Return nothing but the lines from the line containing "Load image into" through the last line of the records, reproduced exactly.

Records from a data collection:
Segment Open

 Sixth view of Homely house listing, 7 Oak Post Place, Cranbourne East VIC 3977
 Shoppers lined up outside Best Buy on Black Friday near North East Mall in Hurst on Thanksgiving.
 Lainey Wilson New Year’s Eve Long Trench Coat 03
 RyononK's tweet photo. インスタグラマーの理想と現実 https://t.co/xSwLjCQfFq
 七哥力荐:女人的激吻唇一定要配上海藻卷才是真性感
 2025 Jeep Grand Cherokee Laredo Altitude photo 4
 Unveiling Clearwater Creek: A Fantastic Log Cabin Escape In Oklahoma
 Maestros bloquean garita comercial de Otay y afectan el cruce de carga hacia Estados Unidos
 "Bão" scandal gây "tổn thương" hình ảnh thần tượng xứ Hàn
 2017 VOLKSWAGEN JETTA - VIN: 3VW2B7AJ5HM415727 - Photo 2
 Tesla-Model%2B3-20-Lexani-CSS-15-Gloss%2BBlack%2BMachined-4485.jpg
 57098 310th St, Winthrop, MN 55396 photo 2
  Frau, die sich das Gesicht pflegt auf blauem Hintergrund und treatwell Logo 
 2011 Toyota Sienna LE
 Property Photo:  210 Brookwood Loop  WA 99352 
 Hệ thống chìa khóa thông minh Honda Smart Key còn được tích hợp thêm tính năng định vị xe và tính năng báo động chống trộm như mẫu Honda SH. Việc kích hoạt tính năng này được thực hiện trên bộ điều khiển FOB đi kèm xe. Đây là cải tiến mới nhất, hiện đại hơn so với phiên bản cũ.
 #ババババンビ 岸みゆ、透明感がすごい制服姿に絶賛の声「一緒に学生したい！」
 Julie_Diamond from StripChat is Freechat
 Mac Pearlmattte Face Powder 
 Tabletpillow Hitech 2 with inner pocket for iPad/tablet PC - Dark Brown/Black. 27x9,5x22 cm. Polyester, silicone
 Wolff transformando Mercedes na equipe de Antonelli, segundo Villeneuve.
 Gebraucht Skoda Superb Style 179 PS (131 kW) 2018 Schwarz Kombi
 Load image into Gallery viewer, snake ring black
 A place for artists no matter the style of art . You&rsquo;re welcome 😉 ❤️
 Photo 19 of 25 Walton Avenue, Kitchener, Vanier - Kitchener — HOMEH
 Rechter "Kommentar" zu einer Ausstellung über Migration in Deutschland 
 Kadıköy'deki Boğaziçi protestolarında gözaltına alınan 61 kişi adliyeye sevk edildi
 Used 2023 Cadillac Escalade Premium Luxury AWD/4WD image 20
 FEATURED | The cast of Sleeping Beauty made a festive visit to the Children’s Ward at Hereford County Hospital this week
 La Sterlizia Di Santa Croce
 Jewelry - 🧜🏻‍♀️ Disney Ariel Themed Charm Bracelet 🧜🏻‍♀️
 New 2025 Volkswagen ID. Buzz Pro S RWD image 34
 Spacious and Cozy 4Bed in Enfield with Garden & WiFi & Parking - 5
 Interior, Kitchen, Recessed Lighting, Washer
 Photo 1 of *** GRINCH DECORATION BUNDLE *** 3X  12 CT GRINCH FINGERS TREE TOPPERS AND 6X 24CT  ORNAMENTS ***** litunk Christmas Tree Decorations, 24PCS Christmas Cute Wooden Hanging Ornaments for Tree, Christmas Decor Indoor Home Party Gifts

Segment Closed

The answer:
 Load image into Gallery viewer, snake ring black
 A place for artists no matter the style of art . You&rsquo;re welcome 😉 ❤️
 Photo 19 of 25 Walton Avenue, Kitchener, Vanier - Kitchener — HOMEH
 Rechter "Kommentar" zu einer Ausstellung über Migration in Deutschland 
 Kadıköy'deki Boğaziçi protestolarında gözaltına alınan 61 kişi adliyeye sevk edildi
 Used 2023 Cadillac Escalade Premium Luxury AWD/4WD image 20
 FEATURED | The cast of Sleeping Beauty made a festive visit to the Children’s Ward at Hereford County Hospital this week
 La Sterlizia Di Santa Croce
 Jewelry - 🧜🏻‍♀️ Disney Ariel Themed Charm Bracelet 🧜🏻‍♀️
 New 2025 Volkswagen ID. Buzz Pro S RWD image 34
 Spacious and Cozy 4Bed in Enfield with Garden & WiFi & Parking - 5
 Interior, Kitchen, Recessed Lighting, Washer
 Photo 1 of *** GRINCH DECORATION BUNDLE *** 3X  12 CT GRINCH FINGERS TREE TOPPERS AND 6X 24CT  ORNAMENTS ***** litunk Christmas Tree Decorations, 24PCS Christmas Cute Wooden Hanging Ornaments for Tree, Christmas Decor Indoor Home Party Gifts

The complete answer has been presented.